A recent study suggested that rounding to a finite number of values was the norm for recently published papers in the field of behavioural ecology at least [3]. That study found that rounding to 4, 8 and 12 possible values was by no means uncommon, and so the rounding to either 360 or 36 values used here can be considered conservative. The problems with inflation of the type I error rate in the traditional version of the test increase as the number of possible values for data points decreases. Furthermore, the type I error rapidly increases with sample size, leading to situations where users of the traditional test might be very confident about the validity of the test outcome, due to large sample sizes, but they might be deceived by the unusual way the type I error of this test behaves. In many cases, in particular when studying animal behaviour, it is almost impossible to measure angles (with confidence) more precisely than to the next five or ten degrees. Using the traditional Rao test in these cases would mean high risk for false positive findings. Our simulation-based approach corrects for the described issues with the traditional method, while the power remains similar.

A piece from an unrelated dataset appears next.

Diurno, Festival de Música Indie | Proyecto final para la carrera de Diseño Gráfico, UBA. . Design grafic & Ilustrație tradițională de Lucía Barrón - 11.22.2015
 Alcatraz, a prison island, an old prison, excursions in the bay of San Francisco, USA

However, our simulation results are by no means exhaustive. The robustness of our results could be expanded in several ways: nominal type I error rates other than 5% could be explored, and/or a wider range of sample sizes and levels of rounding for individual data points (e.g. to five degrees). Further, the statistical power of our new method could be explored for a broader range of shapes of deviation from uniformity. Finally, the sensitivity of our method to selection of the size of the perturbations added to data-points could be explored. However, our own preliminary explorations (not shown) give us no reason to expect that the results presented here are unrepresentative. We hope that our simulations provide the basis of further development of circular statistical methods and spark comprehensive evaluation of different methods. False positive results are a large concern in life sciences; our provided functions therefore might help to avoid some unintentional statistical mistakes, when dealing with circular data.

Conclusion

Here we highlight a critical hitherto overlooked limitation of Rao’s spacing test for departure from circular uniformity. If data is grouped (for example because of finite precision of measurement) then this causes inflation of type I error rates, i.e. the test is detecting the non-uniformity of rounding the data. Such rounding is very common throughout practical science. We show that this inflation of type I error rate can be very substantial even for moderate rounding (to the nearest degree or 10 degrees), and that the problem is exacerbated by large sample sizes. We advocate evaluation by simulation, comparing the sample to a test set of similar samples drawn from a uniform distribution. We demonstrate that this avoids type I error problems and maintains power. We provide R functions to perform this test by simulation in the two cases where sample values can be considered continuous or where the data is grouped into a specified number of equal divisions around the circle (Additional file 2). The widespread adoption of these methods would greatly improve the applicability and reliability of Rao’s spacing test to a fundamental hypothesis testing situation for circular data.